French President Emmanuel Macron leaves after voting in the municipal elections of Pas-de-Calais. Picture: Getty Images - Credit: Anadolu Agency via Getty Images

The president prompts not much more than a Gallic shrug right now, says JASON WALSH. But France’s fractured political scene means it’s still all to play for.


He came from the right and seemed to symbolise politics meeting in the middle, but now he’s gone. Édouard Philippe is out as French prime minister.

As Philippe packed his bags at the Hôtel de Matignon the question was what was on the mind of his former boss, president Emmanuel Macron over at the Élysee Palace.
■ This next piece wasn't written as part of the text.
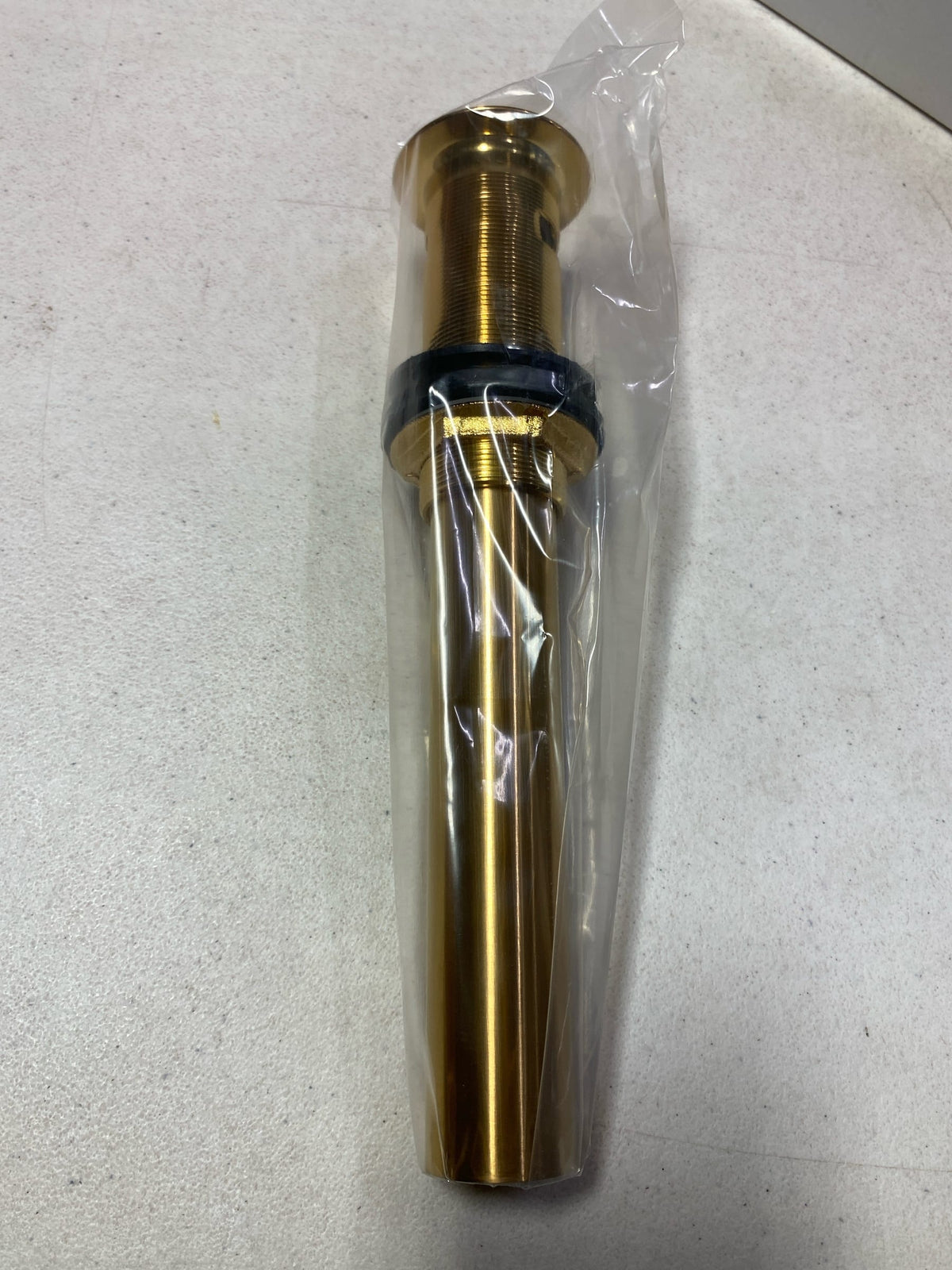 Signature Hardware 439787 Extended Press Type Pop Up Drain with No Overflow - Brushed Gold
The split was reportedly not acrimonious and Macron was quick to praise the outgoing PM. Indeed, officially Philippe resigned – though there are doubts. His departure is interesting for two reasons: what he symbolised, and how he handled the coronavirus.

Philippe took a gamble in joining team Macron in the first place, resigning from the conservative Republican party and fusing with Macron’s movement (though never joining his La REM party).

Macron himself symbolised, however briefly, movement in the other direction: a former Socialist party minister, his left credentials were strained by the fact that he was an appointed rather than elected minister, had a long history in finance and because his best known act as a Socialist minister was to allow private bus routes.

Still, for a time their relationship seemed to point to, if not a left-right rapprochement, at least a new approach. So what has happened to it?

Throughout the pandemic the hitherto unpopular Philippe was a winner, and this caused tensions: lauded for their detail, his addresses to the nation were better received than his boss’s. Philippe’s popularity soared. Macron’s did not.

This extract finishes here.